こういうふうに、パニックにオタオタする父親像を子供に見せるのは教育上悪いので、もう少しアクション性の低いものを、ということでFF8をやることにした。これはさすがに、イベントもムービーも多くて、普通の戦闘でさえも充分派手で、家族で鑑賞するのには具合がいい。アクション的要素、反射神経を要求される場面もなく、戦力の割り振りのようなシミュレーション的なものは得意なので、それほど惨めな姿をさらすこともなくなった。しいて言えば、戦力(GFと魔法のジャンクション)に凝りすぎて、戦闘準備に時間がかかることが問題だった。
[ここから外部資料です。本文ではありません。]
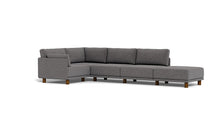 Load image into Gallery viewer, Luna - Sectional - Storm Grey - Low Arms - Low Legs
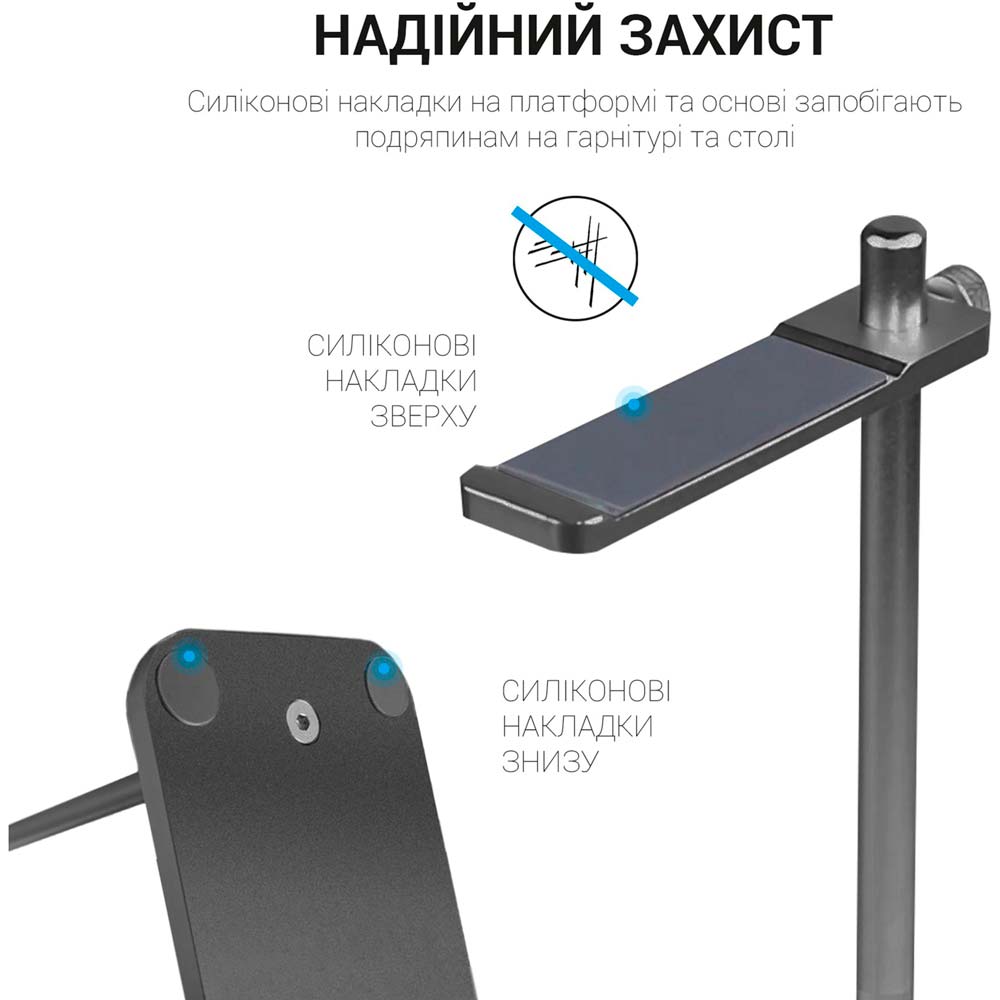 Замовити Підставка для навушників OfficePro Aluminium alloys Grey (LS350G)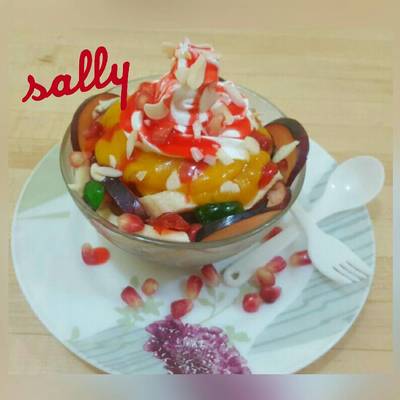  فروت سلاد منعش ولذيذ 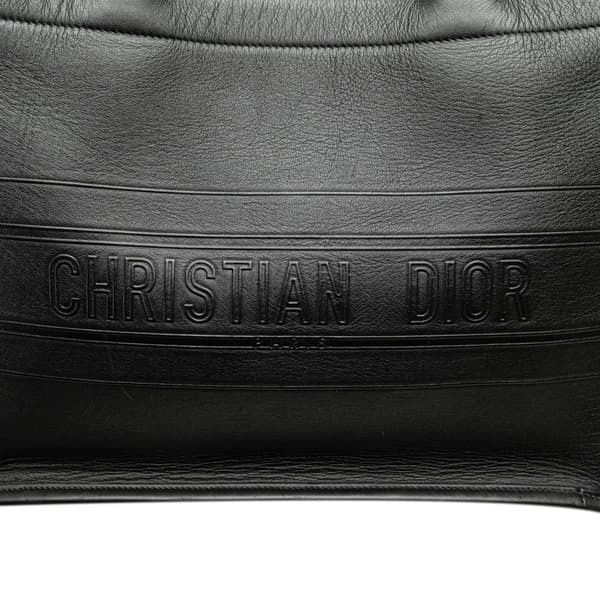 Pre-owned Dior Medium Embossed Leather Book Tote Black
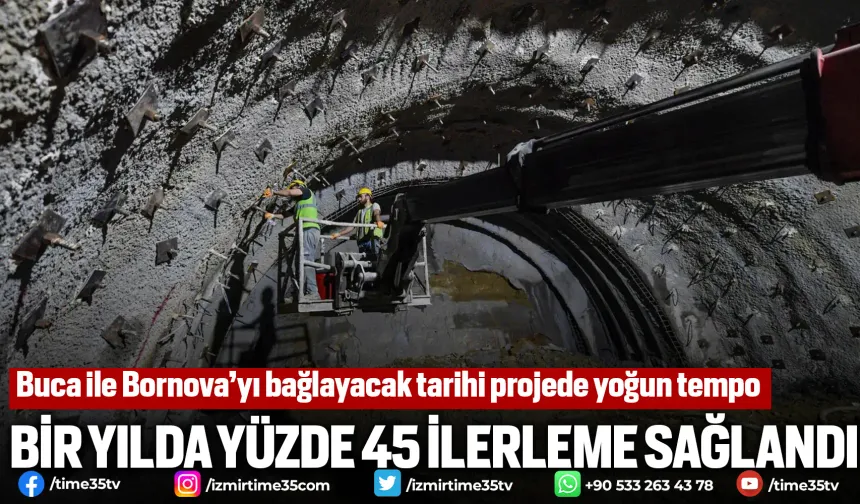 Buca ile Bornova’yı bağlayacak tarihi projede yoğun tempo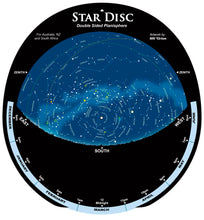 Load image into Gallery viewer,  Blue disc with star constellation maps.
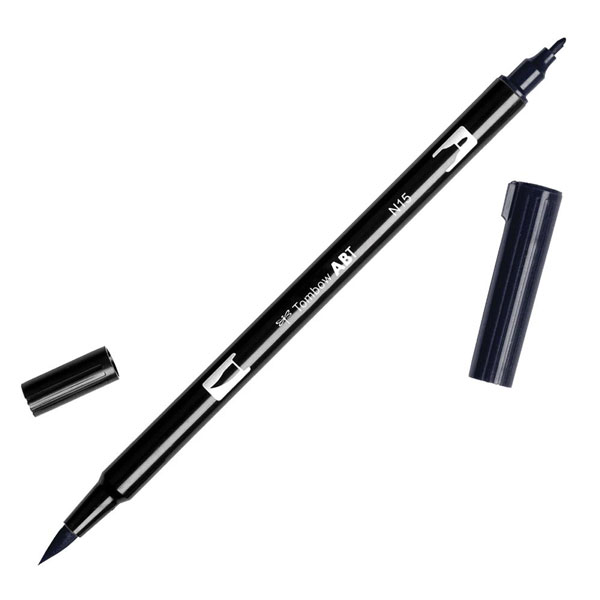 Tombow Dual Brush Marker - Black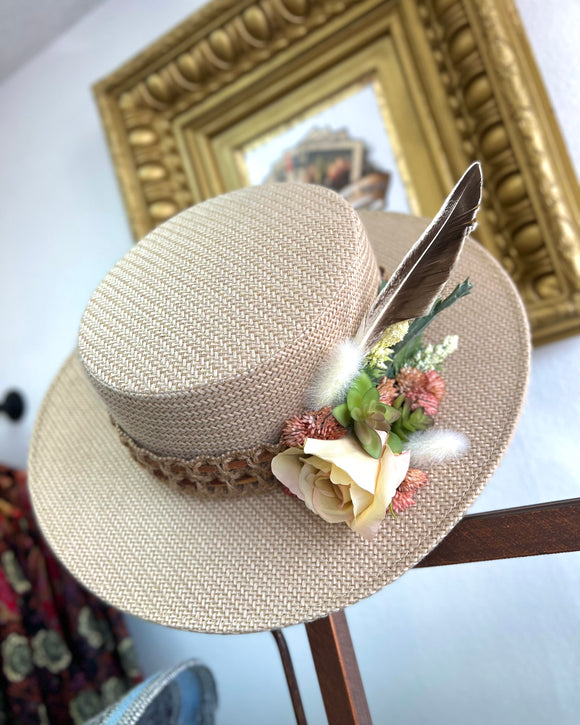 Floral Summer Hat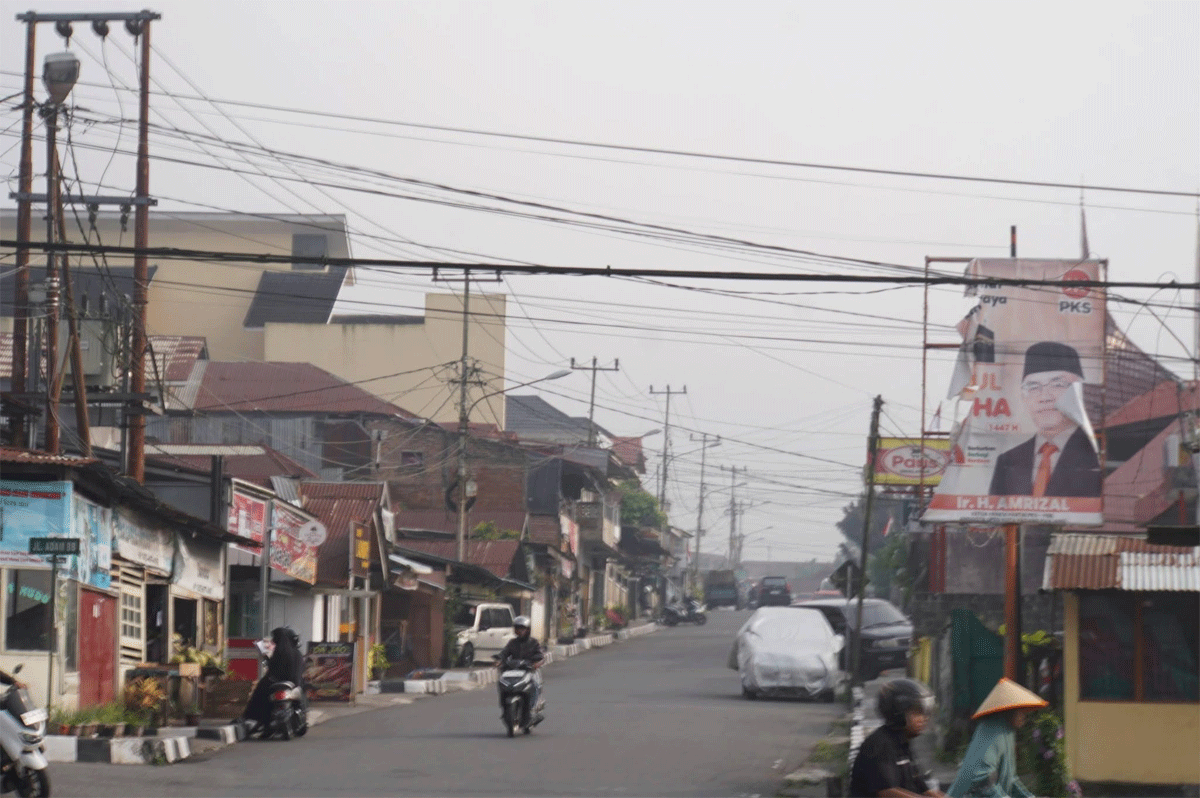 Kabut asap di Padang Panjang. (Kominfo)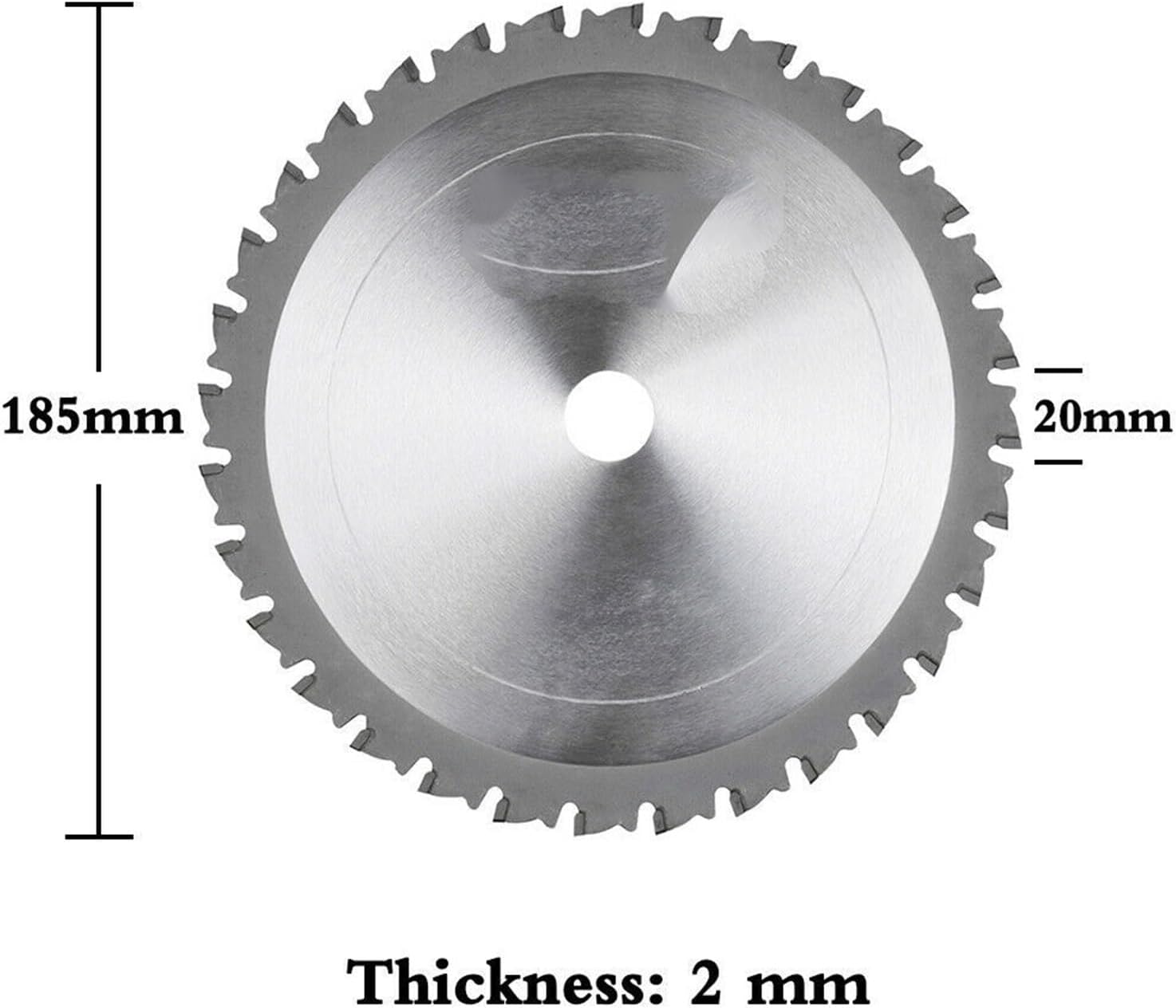 Circular Saw Blade Metal Cutting Saw Blade Cutting Saw Blade 185mm Round Wheel Discs Circular Saw Blade Steel Cutting Bore 20mm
ボス敵の手前などでは、メニュー画面に入って調整を繰り返すうちに一時間以上たってしまうこともあり、これは後ろで見ている観客は退屈する。だから、自分としては、最適化はあきらめ、ほどほどの所で先へ進めてしまう。やはり、300万本以上売るつもりだから、難易度は低めに調整してあるらしく、そういう半分投げやりの戦いかたでもなんとかラストダンジョンのアルティミシア城までは進んだ。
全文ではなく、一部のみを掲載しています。